グリーン電力を使えるのであればCO2を回収して燃料に戻すことが可能なのだ。日本でも東芝などが開発を進めており、2025年にANAのジェット機を飛ばすことを目指しているという。

このように合成燃料の生産ができると、内燃機関のままでカーボンフリーが達成できてしまうのである。

EVを生かしつつ、さらなる未来を見据える重要性

カーボンフリー社会を実現するためにはEVしかないという極端な論調が目につくが、決してEVだけが解決策ではないということがわかっていただけただろうか。
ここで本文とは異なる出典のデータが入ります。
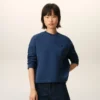 Sweat-shirt court Ami de Coeur en coton bleu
山崎明『マツダがBMWを超える日』(講談社+α新書)
山崎明『マツダがBMWを超える日』(講談社+α新書)

冒頭に書いたように、EVは使い道によっては利点も多いのである程度は普及するだろう。しかし現時点でのあまりに急速なEV化はCO2削減という本来の目的に対してデメリットが多く、一方で将来グリーン発電が進めば全く異なるシナリオも現実味を帯びてくる。

すべての自動車がEVになるというのはおそらく間違いだと私は考えるが、どうだろうか。水素や合成燃料で走る車が究極で、EVはそのつなぎでしかないかもしれない。

10年後にはすべてをEVにすると発表している自動車メーカーもあるが、果たしてその判断が正しかったのかどうか、10年後が楽しみである。